Yeah, I really hate defective laws that allow people to take office even if they don’t get the majority of the votes. Don’t you hate laws like that? Defective, defective, defective.

Whatever. The main point Steven A. Cook is making in this Washington Post editorial is that violence in the Middle East can’t legitimately be blamed on the Bush administration’s promotion of democracy in the area. Okay. I can agree with that. But… who ever said the violence was specifically because of “democracy promotion” to begin with? Cook’s entire editorial is a response to the “critics” who are supposedly making that claim but, honestly, not only have I never read of anyone claiming such a thing — I can’t even imagine that anyone would make such a claim. It’s all pretty obviously a lot more complicated than that.

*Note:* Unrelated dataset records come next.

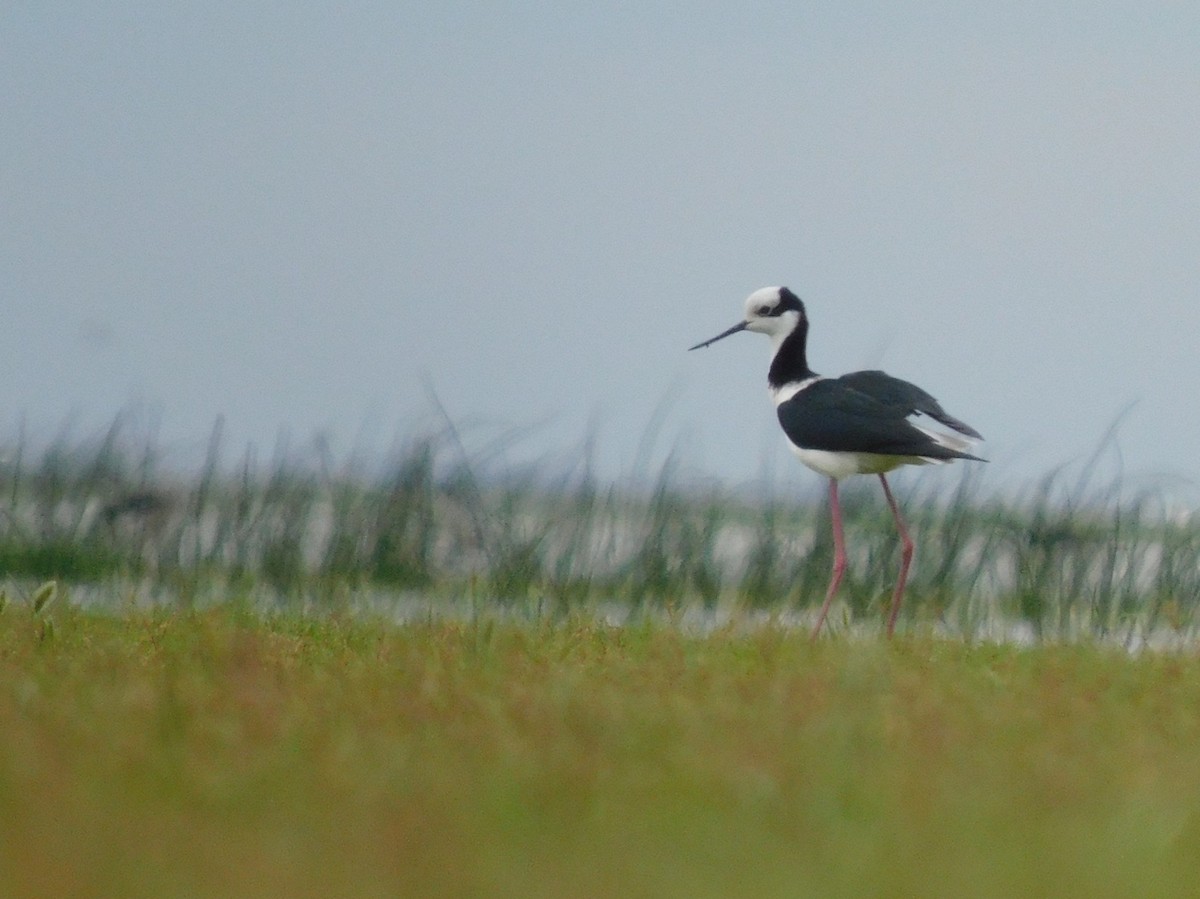 Black-necked Stilt - ML624903940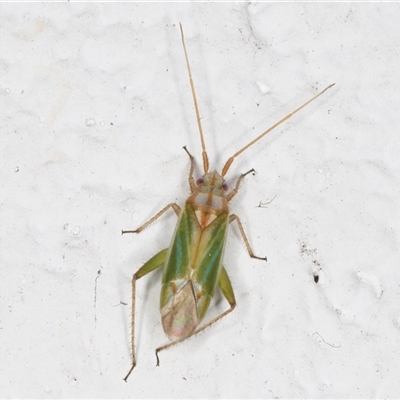 Unidentified True bug (Hemiptera, Heteroptera) at Melba, ACT - 7 Dec 2024 by kasiaaus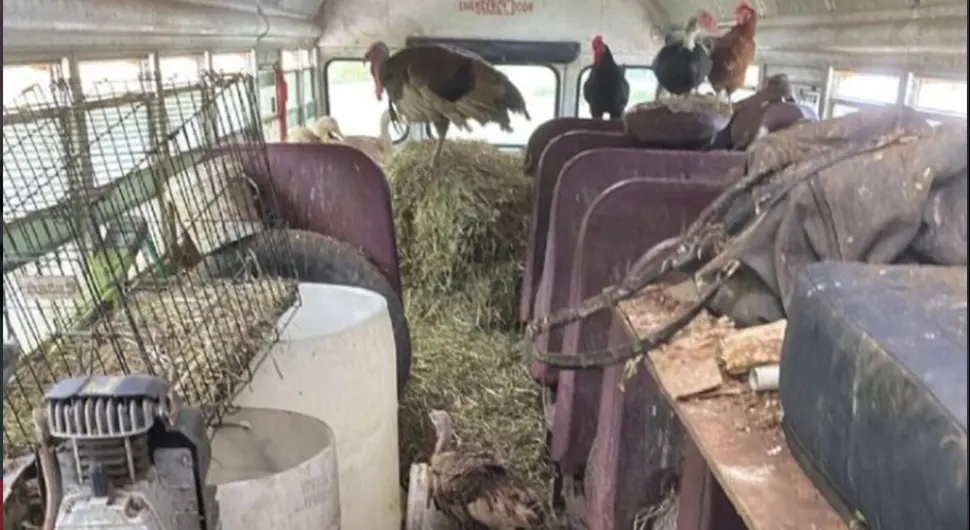 JEZIV SLUČAJ! Policija zaustavila autobus pun životinja koje su unutra bile zlostavljane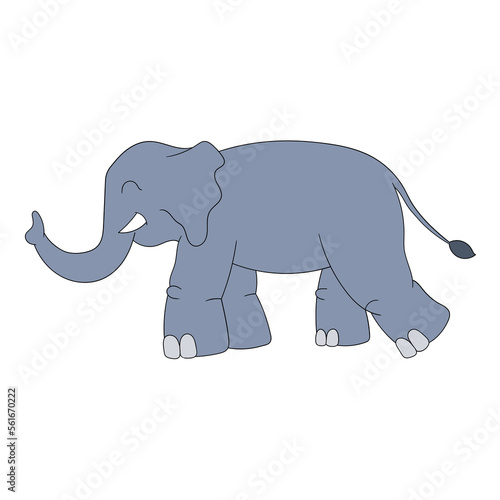 elephant animal is walking tame faced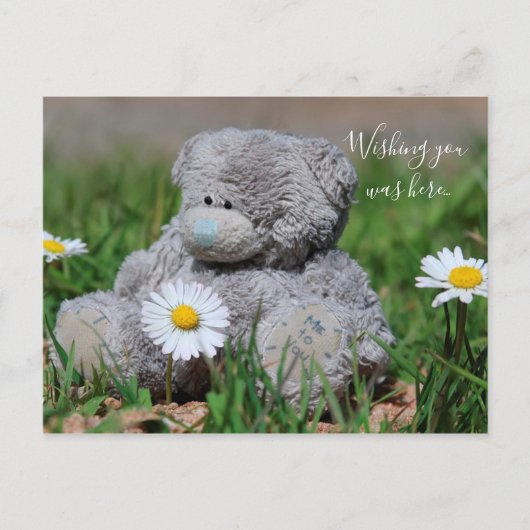 Teddy Bear Briefkaart (Voorkant)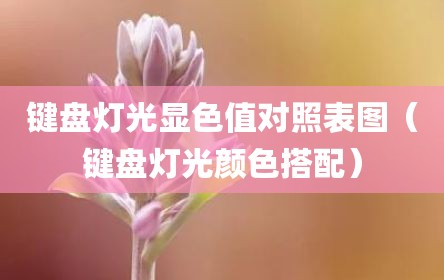 键盘灯光显色值对照表图（键盘灯光颜色搭配）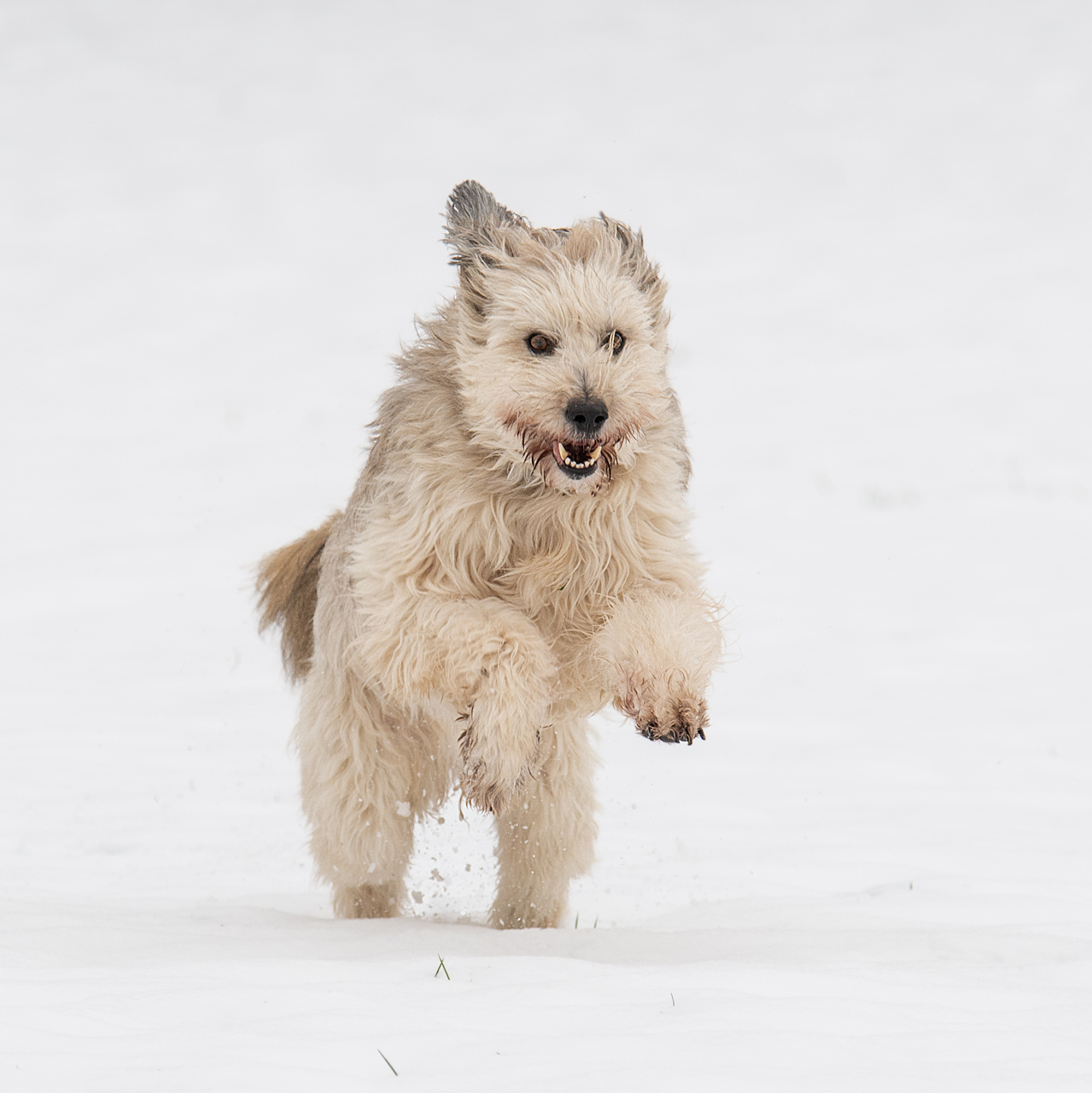 Schneemonster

Cook goes on to say that the Bush administration hasn’t been pushing democracy hard enough in the Middle East. I maintain a different view: We should quit pushing democracy on other cultures. Democracy isn’t the only valid or good form of government.

Posted by RebeccaHartong on July 29, 2006 under Uncategorized

4 Comments to Read


  1. You are wrong. Democracy is the best and most valid form of government. Only democracy can preserve and augment the rights of individuals. The important thing is not to confuse true democracy with the political system of a singe country: in this instance, the U.S.

  2. rshuddles on July 29th, 2006 at 2:37 pm

  3. Only democracy can preserve and augment the rights of individuals.

    That’s not at all necessarily true. Just as a benevolent dictator might allow his subjects to have all sorts of freedoms, the majority vote in a true democracy could severely limit personal freedom. Our enthusiasm for democracy is based in a belief that people are essentially good and essentially able to know what’s best for them. I don’t have any faith at all in that presupposition.

  4. Rebecca Hartong on July 29th, 2006 at 2:58 pm

  5. Your presupposition that there might be such a thing as a “benevolent dictator” places a far greater amount of faith in the optimistic belief in human goodness. The freedoms accorded to citizens by a benevolent dictator would rest on the whim of a particular individual and would be easily revoked. Democracies guarantee the rights of their citizens through an irrevocable social charter—consented to by the people—known as a constitution; these rights are guaranteed futhermore by the separation of governmental powers and by checks and balances. Your dictator would have to be supremely benevolent to uphold the freedoms which democracies secure by the consent of the governed.

  6. rshuddles on July 29th, 2006 at 3:52 pm

  7. Gee, it seems like OUR democracy rests on the whims of a few corporations and their political toadies. Lately, little that is passed as law is done with the consent of the governed. The most obvious example: 68% of the public does not approve of the war in Iraq, and at best, the war had 52% popular support (when we were in the “Shock and Awe” stage). I hardly see our distinguished representatives taking the wishes of the governed, to start gradually withdrawing from this mess, into serious consideration; wishes that are more than mere whims as this war costs American lives and much of our hard-earned money. So to preach democracy to the Iraqis while dismantling it at home by gerrymandering voting districts, defending campaigning excesses that allow only the wealthy to have a serious shot at the presidency, and having our congress in thrall to lobbyists like Abramhoff–not to mention the assaults on our civil liberties through warrantless wiretapping, etc.– is truly insulting to the Iraqi civilian population who has paid the dearest price for this fiasco. Rshuddies, your presupposition is a wondeful civics lession, but has little basis in reality: just as Stalin’s reign did not represent the tenets of Marxism, our government does not represent the democracy you painted above.